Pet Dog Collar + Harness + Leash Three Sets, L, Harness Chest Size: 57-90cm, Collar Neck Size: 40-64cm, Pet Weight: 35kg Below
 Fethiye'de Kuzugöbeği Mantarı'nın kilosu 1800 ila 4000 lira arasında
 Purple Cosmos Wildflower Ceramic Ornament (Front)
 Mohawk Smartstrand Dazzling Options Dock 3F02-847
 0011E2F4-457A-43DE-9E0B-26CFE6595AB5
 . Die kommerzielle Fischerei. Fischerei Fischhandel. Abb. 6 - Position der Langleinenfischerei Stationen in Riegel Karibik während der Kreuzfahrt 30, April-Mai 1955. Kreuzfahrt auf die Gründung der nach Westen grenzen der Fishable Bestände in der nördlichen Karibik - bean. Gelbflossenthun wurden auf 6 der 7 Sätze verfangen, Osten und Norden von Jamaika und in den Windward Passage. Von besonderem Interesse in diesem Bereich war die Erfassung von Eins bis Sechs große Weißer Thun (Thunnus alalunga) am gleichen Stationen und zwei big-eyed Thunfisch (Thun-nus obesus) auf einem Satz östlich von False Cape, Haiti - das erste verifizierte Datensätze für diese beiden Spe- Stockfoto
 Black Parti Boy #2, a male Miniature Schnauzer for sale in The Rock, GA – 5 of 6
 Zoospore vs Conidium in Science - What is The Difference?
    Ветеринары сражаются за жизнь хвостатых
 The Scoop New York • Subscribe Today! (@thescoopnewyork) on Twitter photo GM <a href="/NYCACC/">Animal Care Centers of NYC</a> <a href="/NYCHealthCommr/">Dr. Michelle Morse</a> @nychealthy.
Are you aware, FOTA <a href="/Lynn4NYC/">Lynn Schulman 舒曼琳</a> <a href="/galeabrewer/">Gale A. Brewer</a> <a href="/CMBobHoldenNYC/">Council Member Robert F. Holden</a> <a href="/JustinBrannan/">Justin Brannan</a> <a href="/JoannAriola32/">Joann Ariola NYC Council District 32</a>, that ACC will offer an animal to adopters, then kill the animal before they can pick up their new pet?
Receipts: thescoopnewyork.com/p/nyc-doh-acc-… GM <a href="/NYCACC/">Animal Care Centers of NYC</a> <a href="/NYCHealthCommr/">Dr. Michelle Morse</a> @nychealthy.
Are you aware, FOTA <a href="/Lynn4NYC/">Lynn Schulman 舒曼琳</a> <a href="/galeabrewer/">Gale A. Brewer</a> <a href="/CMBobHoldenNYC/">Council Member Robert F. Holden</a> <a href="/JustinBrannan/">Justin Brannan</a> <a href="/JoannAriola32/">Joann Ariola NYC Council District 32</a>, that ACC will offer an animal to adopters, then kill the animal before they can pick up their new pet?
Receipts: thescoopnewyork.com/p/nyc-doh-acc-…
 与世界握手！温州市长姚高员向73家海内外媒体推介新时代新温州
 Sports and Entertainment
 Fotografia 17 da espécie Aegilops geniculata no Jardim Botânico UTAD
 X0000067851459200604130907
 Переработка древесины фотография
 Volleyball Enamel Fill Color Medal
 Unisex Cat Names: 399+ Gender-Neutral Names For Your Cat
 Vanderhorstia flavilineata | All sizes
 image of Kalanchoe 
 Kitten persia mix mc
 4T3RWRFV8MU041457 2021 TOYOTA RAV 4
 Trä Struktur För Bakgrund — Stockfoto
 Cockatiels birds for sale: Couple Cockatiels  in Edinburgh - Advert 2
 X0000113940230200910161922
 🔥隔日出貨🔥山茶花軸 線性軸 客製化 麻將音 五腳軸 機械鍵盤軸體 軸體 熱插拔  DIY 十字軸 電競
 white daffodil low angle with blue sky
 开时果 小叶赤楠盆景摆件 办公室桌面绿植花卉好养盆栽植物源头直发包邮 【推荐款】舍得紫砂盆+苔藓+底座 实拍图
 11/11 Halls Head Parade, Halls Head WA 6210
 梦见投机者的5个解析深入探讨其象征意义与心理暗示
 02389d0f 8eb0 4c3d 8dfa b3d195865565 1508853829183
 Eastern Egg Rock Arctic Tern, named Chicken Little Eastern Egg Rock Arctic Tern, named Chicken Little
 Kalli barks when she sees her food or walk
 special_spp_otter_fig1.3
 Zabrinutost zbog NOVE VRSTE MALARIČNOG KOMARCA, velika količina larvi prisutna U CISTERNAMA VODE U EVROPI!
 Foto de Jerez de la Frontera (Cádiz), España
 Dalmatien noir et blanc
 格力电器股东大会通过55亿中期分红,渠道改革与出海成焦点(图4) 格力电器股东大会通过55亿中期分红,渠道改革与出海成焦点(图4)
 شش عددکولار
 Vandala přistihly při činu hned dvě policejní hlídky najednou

» **WHAT IS EXPECTED**: Check each line above for the string "thescoopnewyork" and return those that contain it.

» **SOLVED EXERCISE**:
 The Scoop New York • Subscribe Today! (@thescoopnewyork) on Twitter photo GM <a href="/NYCACC/">Animal Care Centers of NYC</a> <a href="/NYCHealthCommr/">Dr. Michelle Morse</a> @nychealthy.
Receipts: thescoopnewyork.com/p/nyc-doh-acc-… GM <a href="/NYCACC/">Animal Care Centers of NYC</a> <a href="/NYCHealthCommr/">Dr. Michelle Morse</a> @nychealthy.
Receipts: thescoopnewyork.com/p/nyc-doh-acc-…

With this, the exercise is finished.